この他にも、ハサミを無理に押し切るように使用していると刃に大きな負担をかけることになってしまいます。普段の使用についても今一度振り返ってみましょう。

 

目指すは「自分の技術を最大限に引き出してくれる」ハサミ

ヘアカット用のハサミは高価で、気軽に何個も購入できるものではありません。しかしなによりも美容師として、メンテナンスを大切にし、手に馴染んだハサミを長く使い続けることは大切です。自分の道具を大切にする美容師さんはカットも優しく、お客様からの信頼もきっと集められるはずです。

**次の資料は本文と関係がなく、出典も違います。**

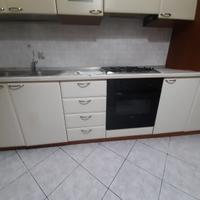 Cucina completa + mobile/credenza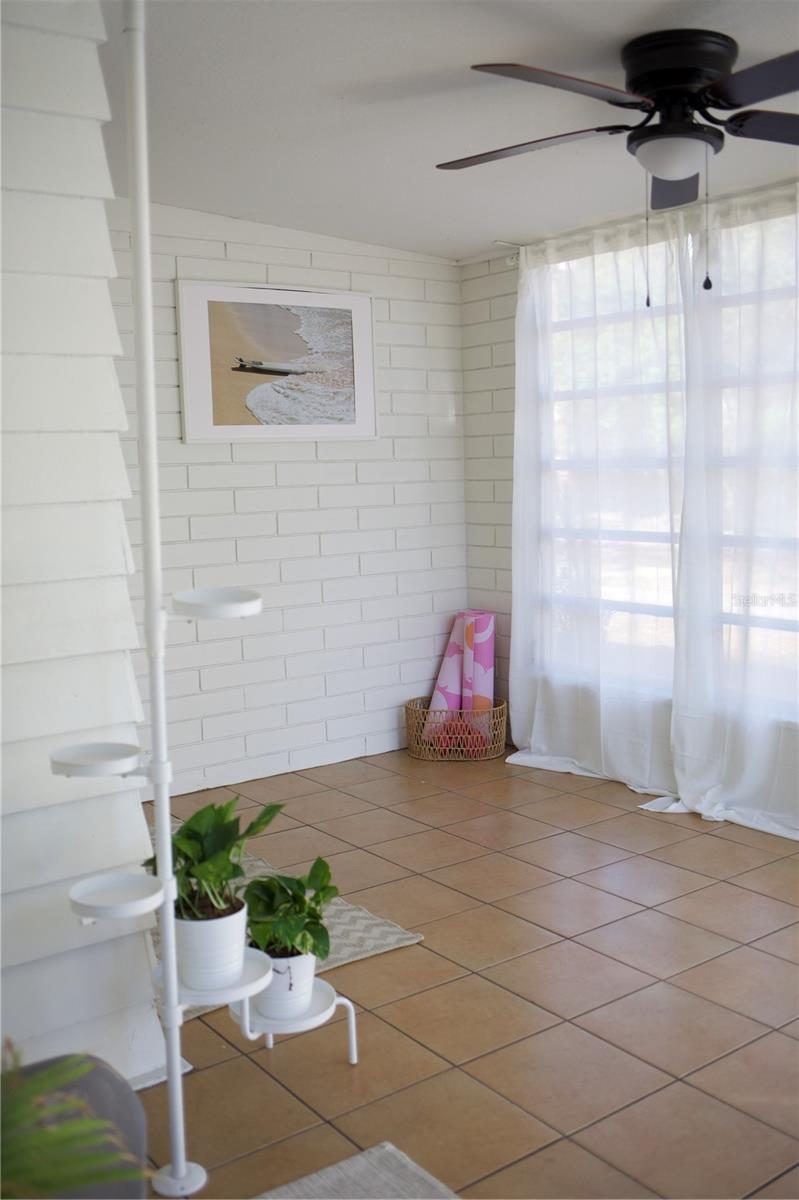 Image 2 of 38 For 1126 Ruby Street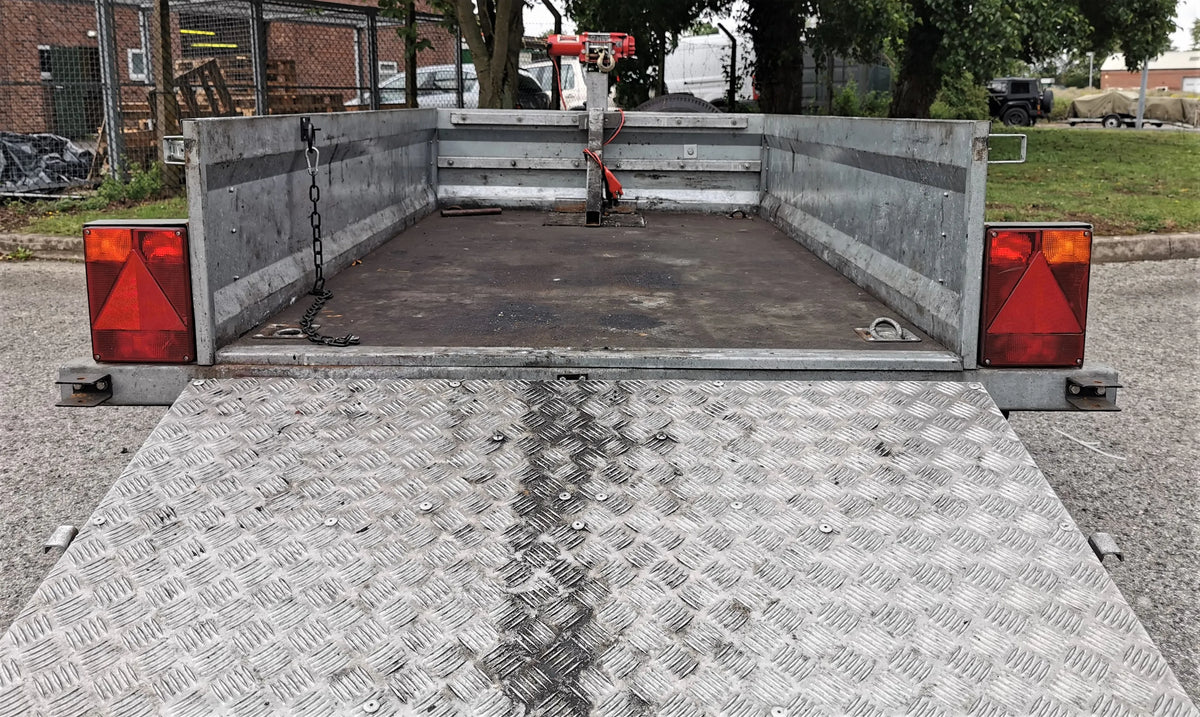 Single axle braked trailer with electric winch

どんなに忙しくても、1日の仕事を終えた時点でのハサミの状態の確認は忘れてはいけません。最低限でも「水分がハサミに残っていないか」、「毛髪がハサミに付着していないか」の2点に注意しておきましょう。

さあ、あなたも不十分なハサミの手入れが原因のトラブルを避け、よりお客様にご満足いただけるカットを目指しましょう!